**Your task:**
The expected result is the run of lines from the one containing "7300 51st Ave #C50, Glendale, AZ 85301" to the end of the listing, copied exactly.

**Input data:**
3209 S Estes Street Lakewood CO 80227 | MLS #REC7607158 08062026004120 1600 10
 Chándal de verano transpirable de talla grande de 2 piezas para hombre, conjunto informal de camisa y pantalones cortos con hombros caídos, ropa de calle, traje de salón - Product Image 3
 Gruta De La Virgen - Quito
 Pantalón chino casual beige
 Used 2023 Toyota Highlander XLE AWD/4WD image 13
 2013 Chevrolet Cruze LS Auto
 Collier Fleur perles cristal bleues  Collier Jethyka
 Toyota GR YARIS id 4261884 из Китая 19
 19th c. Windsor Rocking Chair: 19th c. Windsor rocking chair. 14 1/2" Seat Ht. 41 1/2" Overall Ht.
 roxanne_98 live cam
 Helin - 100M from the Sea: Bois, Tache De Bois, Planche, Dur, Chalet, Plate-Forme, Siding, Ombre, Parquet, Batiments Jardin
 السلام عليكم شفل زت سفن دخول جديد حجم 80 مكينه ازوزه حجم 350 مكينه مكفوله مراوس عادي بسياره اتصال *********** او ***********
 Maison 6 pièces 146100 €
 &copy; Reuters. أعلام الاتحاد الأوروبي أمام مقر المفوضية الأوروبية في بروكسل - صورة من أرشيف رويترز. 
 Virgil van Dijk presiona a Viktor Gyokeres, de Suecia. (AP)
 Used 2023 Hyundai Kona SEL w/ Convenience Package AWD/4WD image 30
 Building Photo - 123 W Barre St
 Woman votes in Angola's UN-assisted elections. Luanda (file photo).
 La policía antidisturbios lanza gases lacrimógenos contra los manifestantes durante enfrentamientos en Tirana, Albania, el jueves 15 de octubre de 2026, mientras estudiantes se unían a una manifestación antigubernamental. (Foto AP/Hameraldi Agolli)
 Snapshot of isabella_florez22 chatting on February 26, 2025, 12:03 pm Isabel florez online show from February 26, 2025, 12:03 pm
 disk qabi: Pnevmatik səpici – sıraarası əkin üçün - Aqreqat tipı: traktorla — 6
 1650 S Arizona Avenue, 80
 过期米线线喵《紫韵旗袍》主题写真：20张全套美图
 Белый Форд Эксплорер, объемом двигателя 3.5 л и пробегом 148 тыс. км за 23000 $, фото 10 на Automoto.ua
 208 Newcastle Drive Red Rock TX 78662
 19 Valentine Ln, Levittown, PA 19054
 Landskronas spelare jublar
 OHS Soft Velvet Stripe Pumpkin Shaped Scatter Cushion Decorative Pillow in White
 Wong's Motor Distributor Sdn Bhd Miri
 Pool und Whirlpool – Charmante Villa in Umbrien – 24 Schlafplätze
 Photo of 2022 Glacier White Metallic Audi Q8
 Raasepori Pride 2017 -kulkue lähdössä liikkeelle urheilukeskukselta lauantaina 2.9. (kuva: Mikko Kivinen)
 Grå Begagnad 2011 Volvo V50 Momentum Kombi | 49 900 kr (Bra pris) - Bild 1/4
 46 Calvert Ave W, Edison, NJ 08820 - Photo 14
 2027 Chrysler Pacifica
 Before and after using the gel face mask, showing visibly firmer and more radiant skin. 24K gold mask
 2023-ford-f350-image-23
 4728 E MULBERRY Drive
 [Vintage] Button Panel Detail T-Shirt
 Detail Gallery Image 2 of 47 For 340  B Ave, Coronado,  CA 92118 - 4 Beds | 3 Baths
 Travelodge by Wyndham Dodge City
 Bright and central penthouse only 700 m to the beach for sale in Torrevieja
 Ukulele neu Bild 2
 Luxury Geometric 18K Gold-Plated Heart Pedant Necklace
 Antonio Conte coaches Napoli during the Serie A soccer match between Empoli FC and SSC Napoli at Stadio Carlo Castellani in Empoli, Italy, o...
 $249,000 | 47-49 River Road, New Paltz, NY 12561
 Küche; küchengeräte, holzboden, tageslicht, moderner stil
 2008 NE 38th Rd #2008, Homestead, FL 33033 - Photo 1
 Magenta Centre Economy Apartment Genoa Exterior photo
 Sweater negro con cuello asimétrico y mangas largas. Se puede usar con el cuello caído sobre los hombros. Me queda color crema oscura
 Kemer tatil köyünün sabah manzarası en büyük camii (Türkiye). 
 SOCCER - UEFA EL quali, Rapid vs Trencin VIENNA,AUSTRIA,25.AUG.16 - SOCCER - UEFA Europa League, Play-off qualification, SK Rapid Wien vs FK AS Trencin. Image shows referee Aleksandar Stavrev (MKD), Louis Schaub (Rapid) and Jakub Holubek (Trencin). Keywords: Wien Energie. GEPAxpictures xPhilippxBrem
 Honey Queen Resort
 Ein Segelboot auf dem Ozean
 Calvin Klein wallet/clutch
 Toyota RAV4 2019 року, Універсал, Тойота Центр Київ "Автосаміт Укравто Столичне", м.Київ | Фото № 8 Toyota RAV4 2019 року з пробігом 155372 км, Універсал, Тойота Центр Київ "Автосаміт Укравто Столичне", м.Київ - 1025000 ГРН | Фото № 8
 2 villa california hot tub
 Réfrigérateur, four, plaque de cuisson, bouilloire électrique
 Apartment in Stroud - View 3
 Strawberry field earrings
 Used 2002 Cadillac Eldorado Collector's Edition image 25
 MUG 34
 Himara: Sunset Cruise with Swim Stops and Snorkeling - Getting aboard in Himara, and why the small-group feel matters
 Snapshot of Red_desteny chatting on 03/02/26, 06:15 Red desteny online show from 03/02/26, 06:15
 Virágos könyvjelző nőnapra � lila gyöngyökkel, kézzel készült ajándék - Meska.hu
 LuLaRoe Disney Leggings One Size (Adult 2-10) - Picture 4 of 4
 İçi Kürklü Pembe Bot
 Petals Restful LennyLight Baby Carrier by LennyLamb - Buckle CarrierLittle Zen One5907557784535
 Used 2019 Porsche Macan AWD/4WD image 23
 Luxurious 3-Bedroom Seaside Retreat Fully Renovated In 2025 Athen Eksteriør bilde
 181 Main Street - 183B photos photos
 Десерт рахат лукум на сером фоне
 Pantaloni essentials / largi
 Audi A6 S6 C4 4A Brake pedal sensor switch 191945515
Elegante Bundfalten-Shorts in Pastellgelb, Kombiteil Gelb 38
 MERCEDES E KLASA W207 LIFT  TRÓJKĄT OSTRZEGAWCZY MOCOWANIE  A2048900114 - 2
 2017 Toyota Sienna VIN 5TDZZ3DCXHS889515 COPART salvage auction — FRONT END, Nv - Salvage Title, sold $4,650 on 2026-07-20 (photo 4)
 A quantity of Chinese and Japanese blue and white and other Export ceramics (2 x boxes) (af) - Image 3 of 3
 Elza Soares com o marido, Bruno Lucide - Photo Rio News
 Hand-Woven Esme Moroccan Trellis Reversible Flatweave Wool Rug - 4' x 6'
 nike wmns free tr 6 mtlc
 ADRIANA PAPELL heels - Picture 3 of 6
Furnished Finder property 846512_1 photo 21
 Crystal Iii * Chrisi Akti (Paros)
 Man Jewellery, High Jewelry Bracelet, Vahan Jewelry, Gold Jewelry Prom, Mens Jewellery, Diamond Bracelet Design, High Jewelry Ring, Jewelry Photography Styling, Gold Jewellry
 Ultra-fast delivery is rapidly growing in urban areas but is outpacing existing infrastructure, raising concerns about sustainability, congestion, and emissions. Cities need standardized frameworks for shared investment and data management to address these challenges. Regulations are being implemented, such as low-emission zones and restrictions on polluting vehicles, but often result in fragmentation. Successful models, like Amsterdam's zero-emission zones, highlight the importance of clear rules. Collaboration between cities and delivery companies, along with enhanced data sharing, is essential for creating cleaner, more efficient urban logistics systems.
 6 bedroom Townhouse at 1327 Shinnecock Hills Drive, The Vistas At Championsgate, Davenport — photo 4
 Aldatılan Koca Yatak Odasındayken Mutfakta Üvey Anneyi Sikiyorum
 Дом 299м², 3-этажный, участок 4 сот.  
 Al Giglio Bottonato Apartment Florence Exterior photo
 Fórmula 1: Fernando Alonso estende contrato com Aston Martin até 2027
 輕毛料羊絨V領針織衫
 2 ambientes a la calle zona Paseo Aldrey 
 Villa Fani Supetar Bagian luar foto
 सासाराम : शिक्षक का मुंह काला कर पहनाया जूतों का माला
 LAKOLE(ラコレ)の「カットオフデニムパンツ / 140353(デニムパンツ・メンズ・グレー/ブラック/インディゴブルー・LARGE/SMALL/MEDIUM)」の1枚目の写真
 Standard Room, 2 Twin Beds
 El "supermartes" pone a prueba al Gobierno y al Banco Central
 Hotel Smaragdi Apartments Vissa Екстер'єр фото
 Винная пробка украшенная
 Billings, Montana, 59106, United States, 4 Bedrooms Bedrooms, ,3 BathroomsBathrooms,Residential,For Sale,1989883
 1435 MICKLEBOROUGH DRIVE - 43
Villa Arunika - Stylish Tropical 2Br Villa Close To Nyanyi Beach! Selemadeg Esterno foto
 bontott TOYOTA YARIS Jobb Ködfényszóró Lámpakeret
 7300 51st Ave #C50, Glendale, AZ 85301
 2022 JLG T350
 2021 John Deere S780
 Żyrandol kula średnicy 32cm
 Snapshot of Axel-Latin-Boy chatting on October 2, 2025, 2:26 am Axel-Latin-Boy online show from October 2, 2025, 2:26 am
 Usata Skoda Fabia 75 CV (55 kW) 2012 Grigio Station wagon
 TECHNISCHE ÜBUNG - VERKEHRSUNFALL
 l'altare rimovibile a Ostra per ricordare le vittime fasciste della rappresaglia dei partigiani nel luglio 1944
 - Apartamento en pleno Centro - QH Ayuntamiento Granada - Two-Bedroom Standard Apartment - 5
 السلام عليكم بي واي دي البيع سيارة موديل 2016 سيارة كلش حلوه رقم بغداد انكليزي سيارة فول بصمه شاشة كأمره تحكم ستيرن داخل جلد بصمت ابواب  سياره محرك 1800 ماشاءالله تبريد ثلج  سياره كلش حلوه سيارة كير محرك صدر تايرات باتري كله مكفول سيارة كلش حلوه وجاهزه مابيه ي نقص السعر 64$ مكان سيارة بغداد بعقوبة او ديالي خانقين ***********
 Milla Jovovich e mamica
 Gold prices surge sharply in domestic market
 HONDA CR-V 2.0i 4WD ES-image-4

**Written answer:**
 7300 51st Ave #C50, Glendale, AZ 85301
 2022 JLG T350
 2021 John Deere S780
 Żyrandol kula średnicy 32cm
 Snapshot of Axel-Latin-Boy chatting on October 2, 2025, 2:26 am Axel-Latin-Boy online show from October 2, 2025, 2:26 am
 Usata Skoda Fabia 75 CV (55 kW) 2012 Grigio Station wagon
 TECHNISCHE ÜBUNG - VERKEHRSUNFALL
 l'altare rimovibile a Ostra per ricordare le vittime fasciste della rappresaglia dei partigiani nel luglio 1944
 - Apartamento en pleno Centro - QH Ayuntamiento Granada - Two-Bedroom Standard Apartment - 5
 السلام عليكم بي واي دي البيع سيارة موديل 2016 سيارة كلش حلوه رقم بغداد انكليزي سيارة فول بصمه شاشة كأمره تحكم ستيرن داخل جلد بصمت ابواب  سياره محرك 1800 ماشاءالله تبريد ثلج  سياره كلش حلوه سيارة كير محرك صدر تايرات باتري كله مكفول سيارة كلش حلوه وجاهزه مابيه ي نقص السعر 64$ مكان سيارة بغداد بعقوبة او ديالي خانقين ***********
 Milla Jovovich e mamica
 Gold prices surge sharply in domestic market
 HONDA CR-V 2.0i 4WD ES-image-4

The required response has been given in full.